When Avraham is negotiating with the Bnei Chet to buy a burial ground for his wife Sarah and future generations he makes a strange contradictory statement to them. He says: גֵּר וְתוֹשָׁב אָנֹכִי עִמָּכֶם “I am an alien and a resident among you…”. (Gen. 23,4) Which is he? Rabbi Soloveitchik has a unique elucidation of this passage.
He explains that Avraham is talking to them for the Jews throughout the generations to come. The Jew is indeed a תוֹשָׁב, a true resident among the nations of their dispersion. He deals in business with them; he speaks their language; he participates in their social and monetary institutions; he serves in the army and is prepared to protect the land; he partakes in their labs; tries to cure the sick; he works and develops the land – he is a resident in the full sense of the word.

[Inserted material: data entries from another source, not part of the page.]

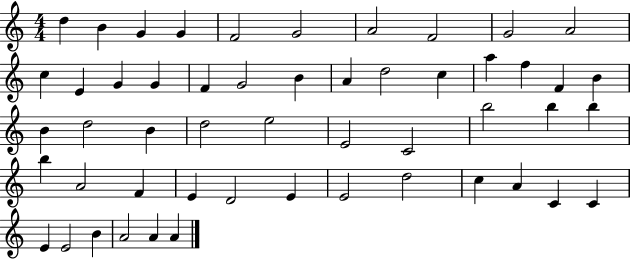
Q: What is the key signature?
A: C major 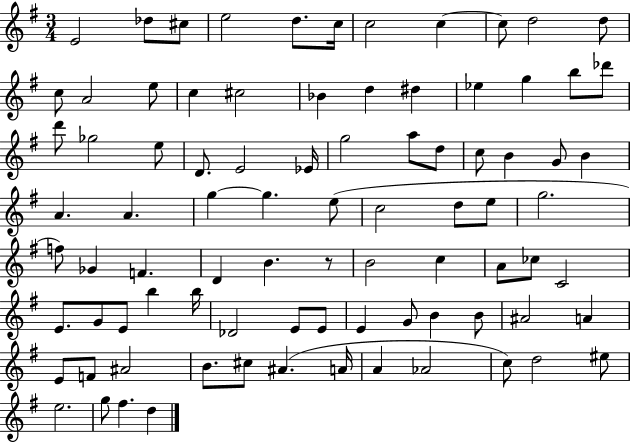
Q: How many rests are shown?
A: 1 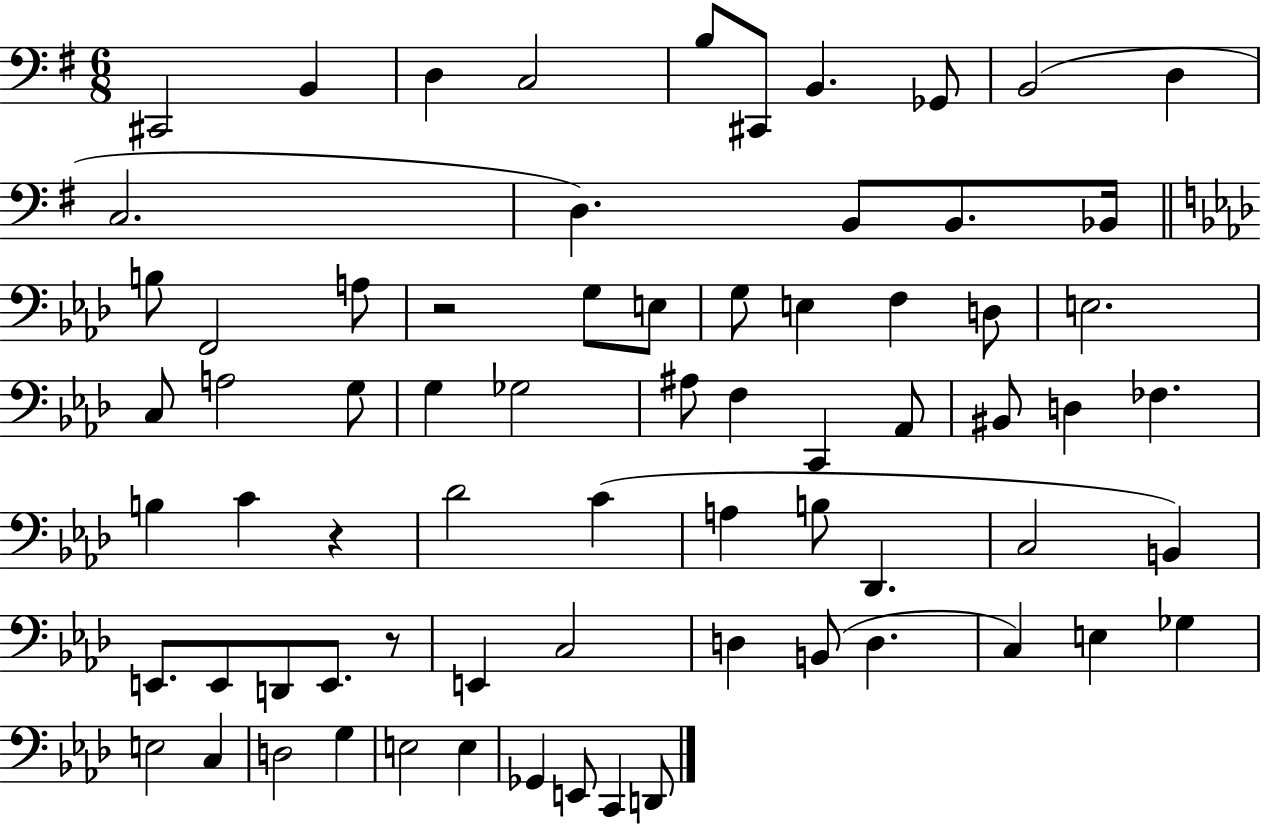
C#2/h B2/q D3/q C3/h B3/e C#2/e B2/q. Gb2/e B2/h D3/q C3/h. D3/q. B2/e B2/e. Bb2/s B3/e F2/h A3/e R/h G3/e E3/e G3/e E3/q F3/q D3/e E3/h. C3/e A3/h G3/e G3/q Gb3/h A#3/e F3/q C2/q Ab2/e BIS2/e D3/q FES3/q. B3/q C4/q R/q Db4/h C4/q A3/q B3/e Db2/q. C3/h B2/q E2/e. E2/e D2/e E2/e. R/e E2/q C3/h D3/q B2/e D3/q. C3/q E3/q Gb3/q E3/h C3/q D3/h G3/q E3/h E3/q Gb2/q E2/e C2/q D2/e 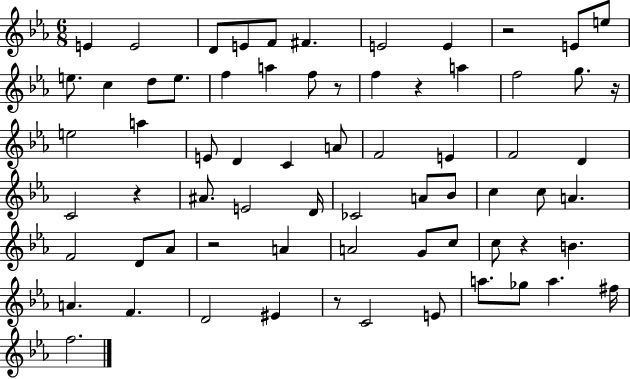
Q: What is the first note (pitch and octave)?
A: E4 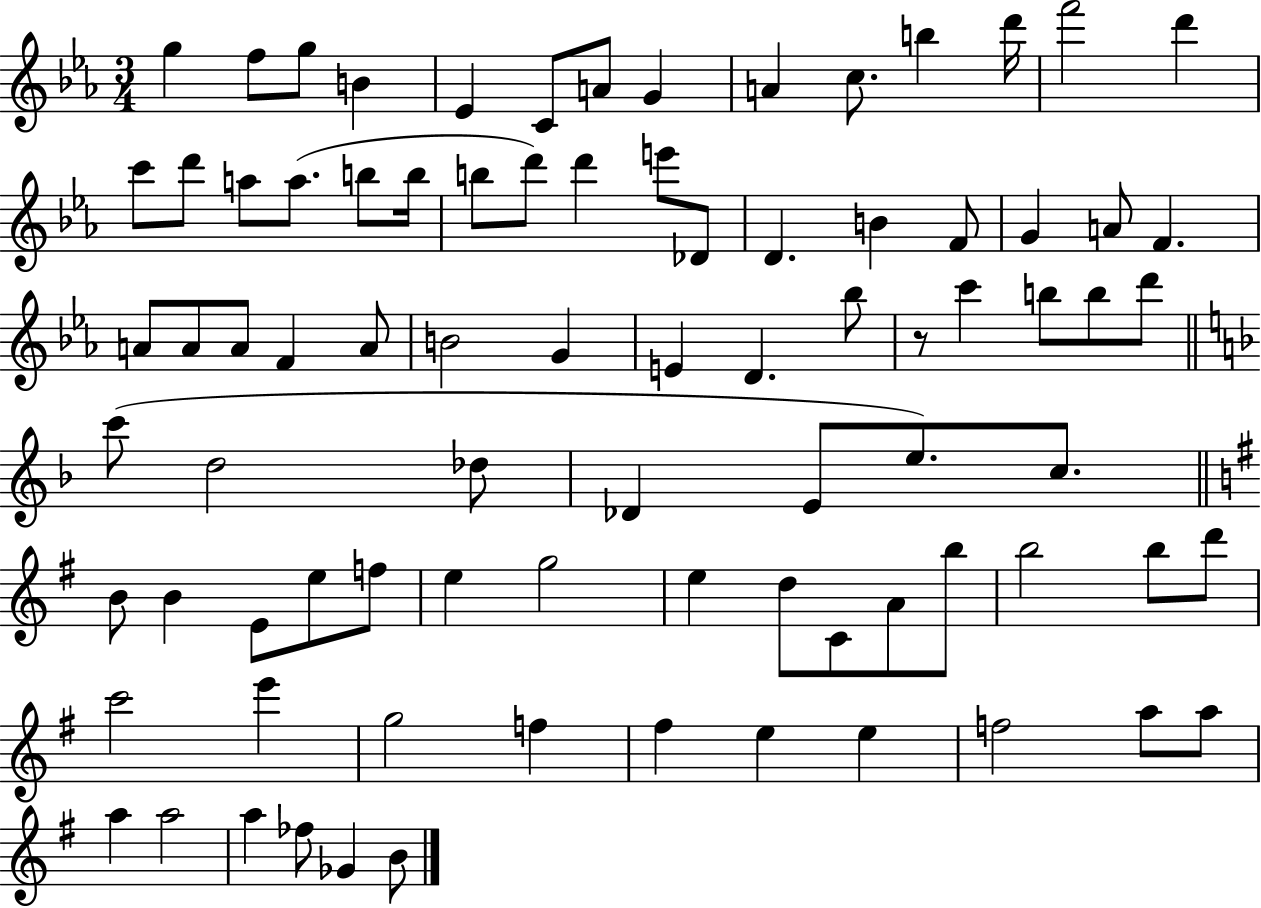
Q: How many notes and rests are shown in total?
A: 84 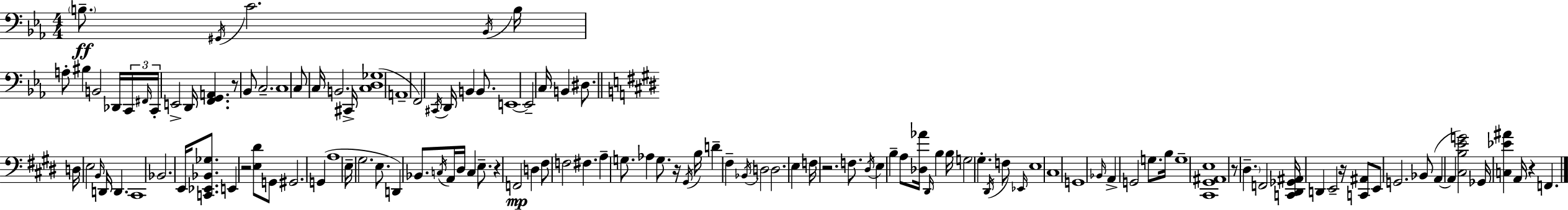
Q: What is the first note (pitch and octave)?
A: B3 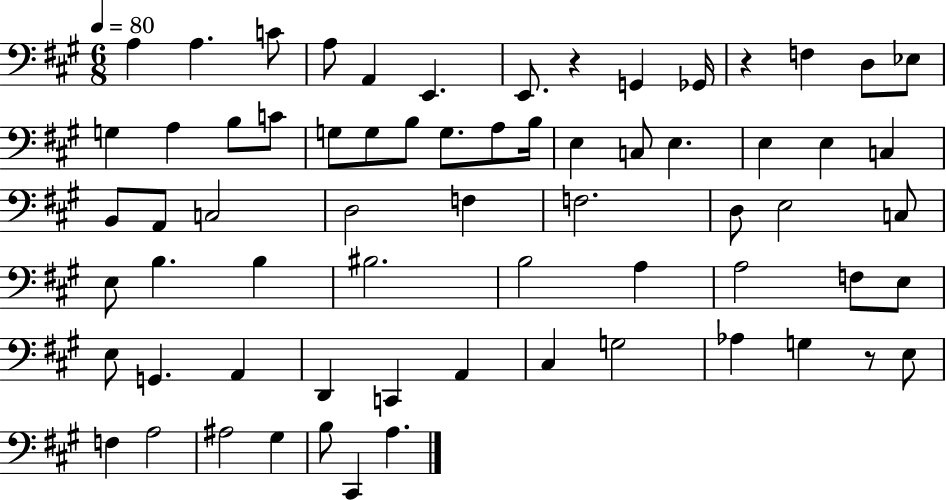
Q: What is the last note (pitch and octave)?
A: A3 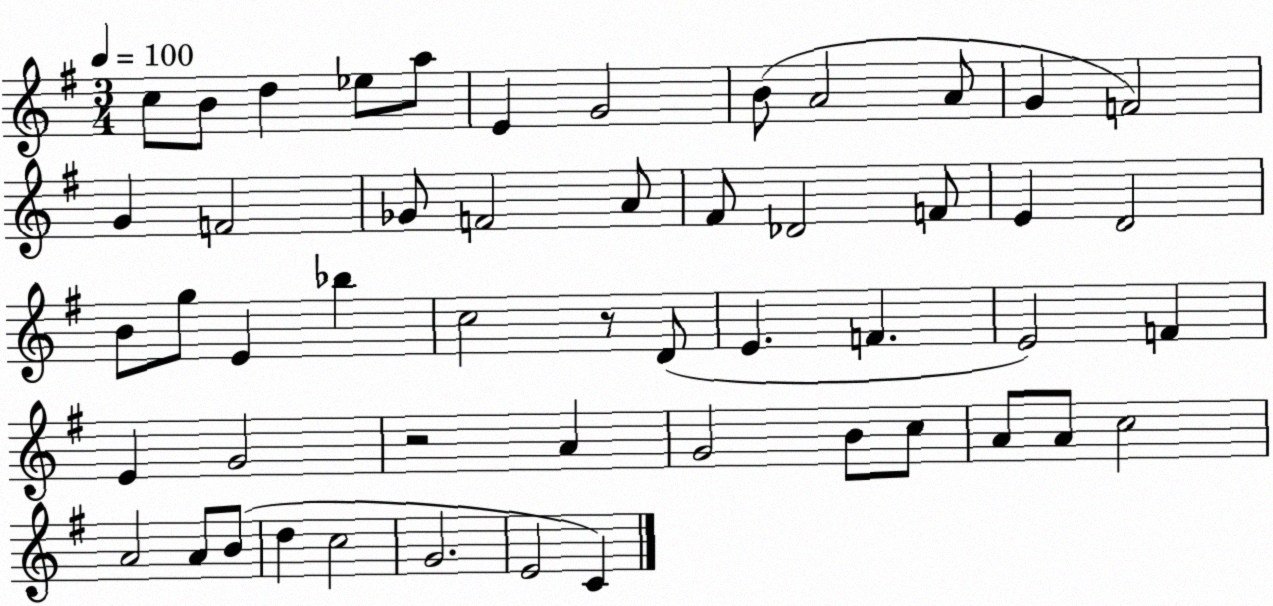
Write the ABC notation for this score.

X:1
T:Untitled
M:3/4
L:1/4
K:G
c/2 B/2 d _e/2 a/2 E G2 B/2 A2 A/2 G F2 G F2 _G/2 F2 A/2 ^F/2 _D2 F/2 E D2 B/2 g/2 E _b c2 z/2 D/2 E F E2 F E G2 z2 A G2 B/2 c/2 A/2 A/2 c2 A2 A/2 B/2 d c2 G2 E2 C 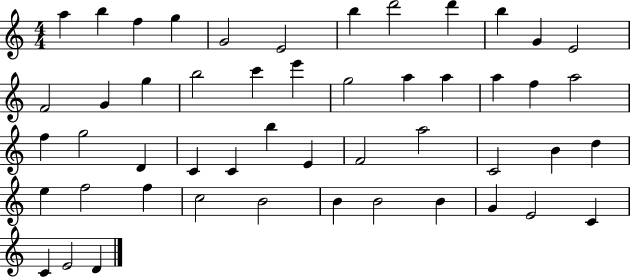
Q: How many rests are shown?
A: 0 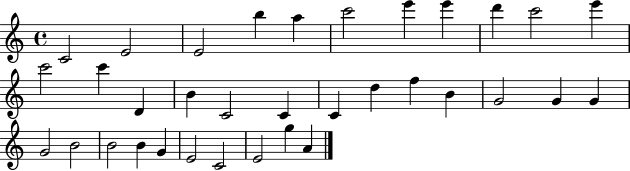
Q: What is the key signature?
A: C major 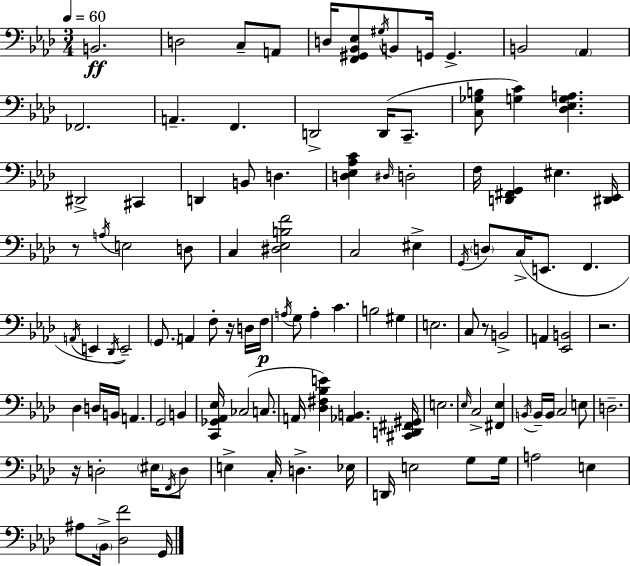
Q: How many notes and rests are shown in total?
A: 111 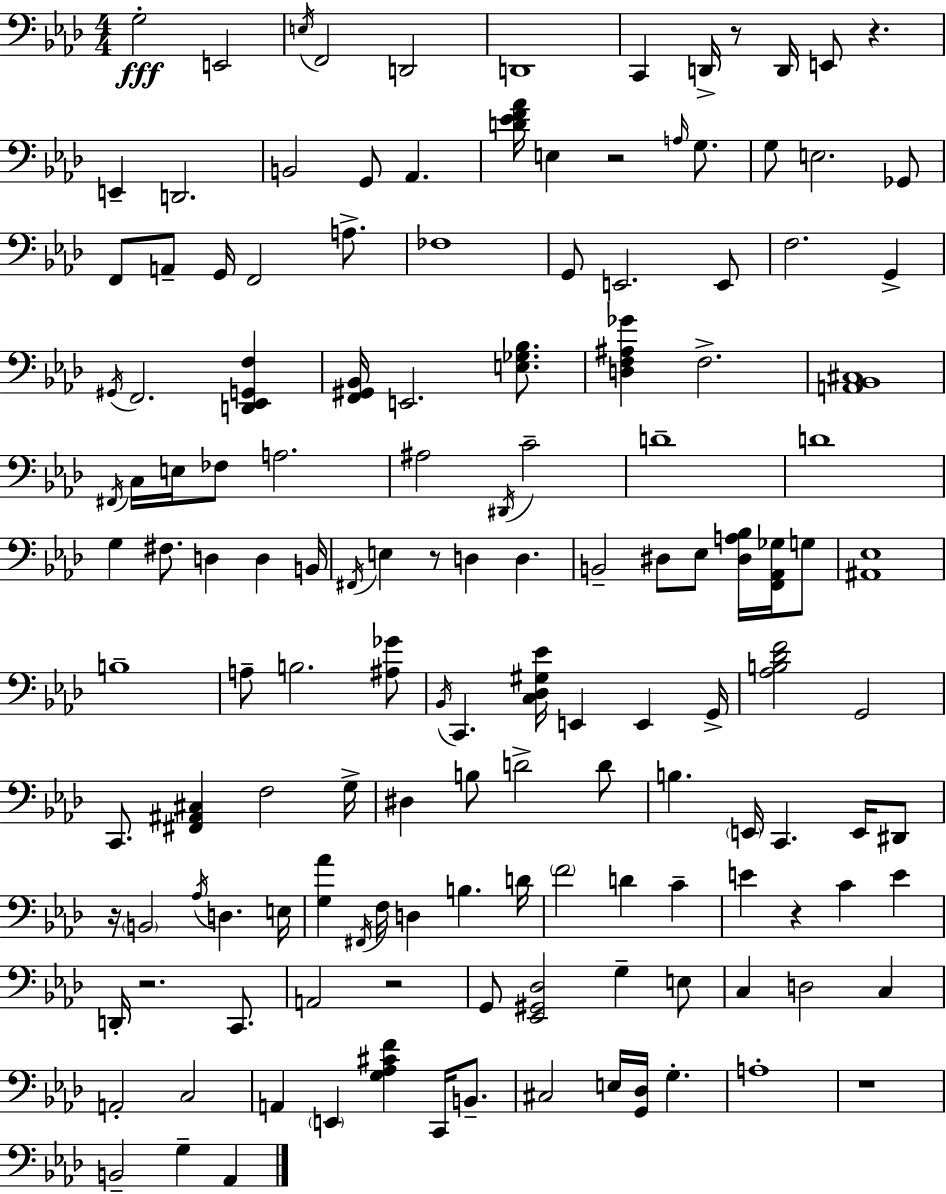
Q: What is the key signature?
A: F minor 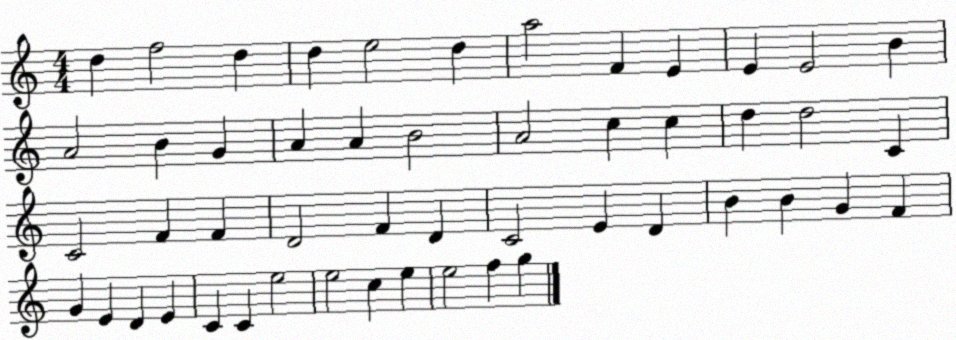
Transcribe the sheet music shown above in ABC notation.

Yet he is also an alien and in certain areas he is even a stranger. He belongs to a world that is completely strange to them, a world in which he is united with the Creator of the universe; a world and a tradition that is completely incomprehensible and curious to them; to a world of spiritual values that are not realistic according to their understanding; a world of sacrifices and of Torah, mercy, righteousness, and holiness. The Jew is indeed an alien among them.
Avraham, therefore, pleads for a burial ground that will be strictly a Jewish burial ground and a place they can call their own. He purchased מְעָרַת הַמַּכְפֵּלָה, the cave of Machpelah in Hebron. He purchased it, and today its ownership is contested.